During a simulation run, many different objects responsible for the numerical integration, the threshold and reset, the synaptic propagation, etc. are executed. Determining which computation is performed when is called “scheduling”. The coarse scheduling deals with multiple clocks (e.g. one for the simulation and another one with a larger timestep to records snapshots of the activity) and follows the following pattern:

  1. Determine which set of clocks to update. This will be the clock with the smallest value of Clock.t. If there are several with the same value, then all objects with these clocks will be updated simultaneously.
  2. If the Clock.t value of these clocks is past the end time of the simulation, stop running.
  3. For each object whose BrianObject.clock is set to one of the clocks from the previous steps, call the BrianObject.update method. The order in which the objects are updated is described below.
  4. Increase Clock.t by Clock.dt for each of the clocks and return to step 1.

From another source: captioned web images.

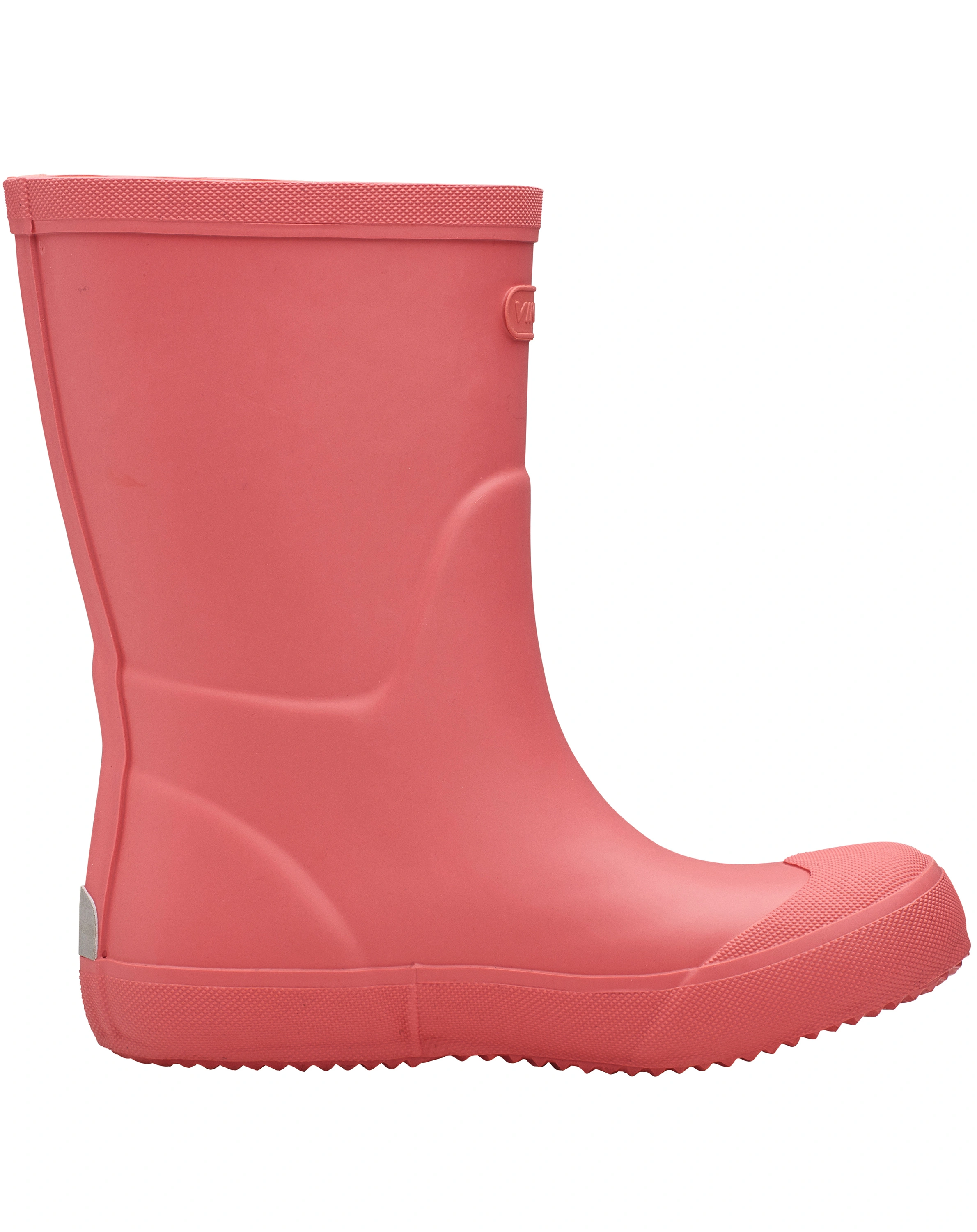 Gummistiefel INDIE ACTIVE in pink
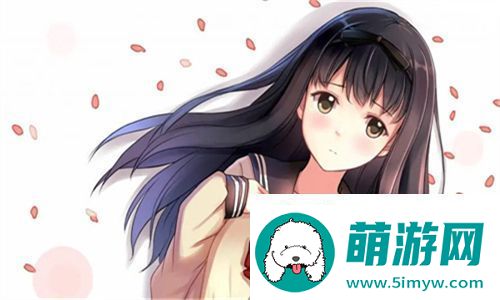适合半夜看的直播软件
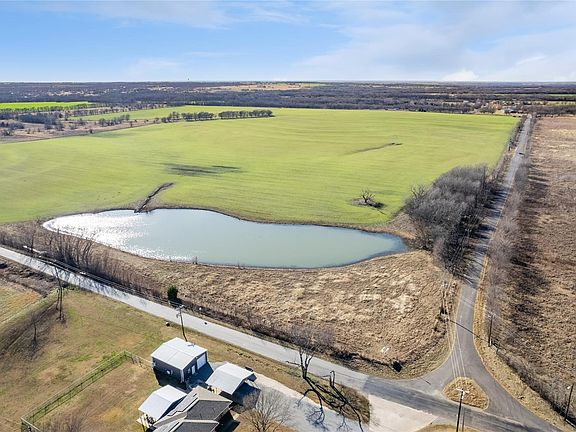 2nd image of 0 Pleasant Home Rd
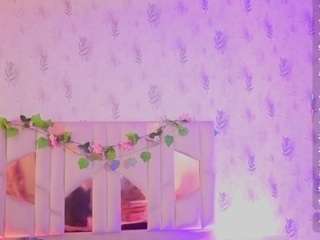 mariana-tay live cam preview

The fine scheduling deals with the order of objects in step 3 above. This scheduling is responsible that even though state update (numerical integration), thresholding and reset for a NeuronGroup are performed with the same Clock, the state update is always performed first, followed by the thresholding and the reset. This schedule is determined by Network.schedule which is a list of strings, determining “execution slots” and their order. It defaults to: ['start', 'groups', 'thresholds', 'synapses', 'resets', 'end']

In which slot an object is updated is determined by its BrianObject.when attribute which is set to sensible values for most objects (resets will happen in the reset slot, etc.) but sometimes make sense to change, e.g. if one would like a StateMonitor, which by default records in the end slot, to record the membrane potential before a reset is applied (otherwise no threshold crossings will be observed in the membrane potential traces). If two objects fall in the same execution slot, they will be updated in ascending order according to their BrianObject.order attribute, an integer number defaulting to 0.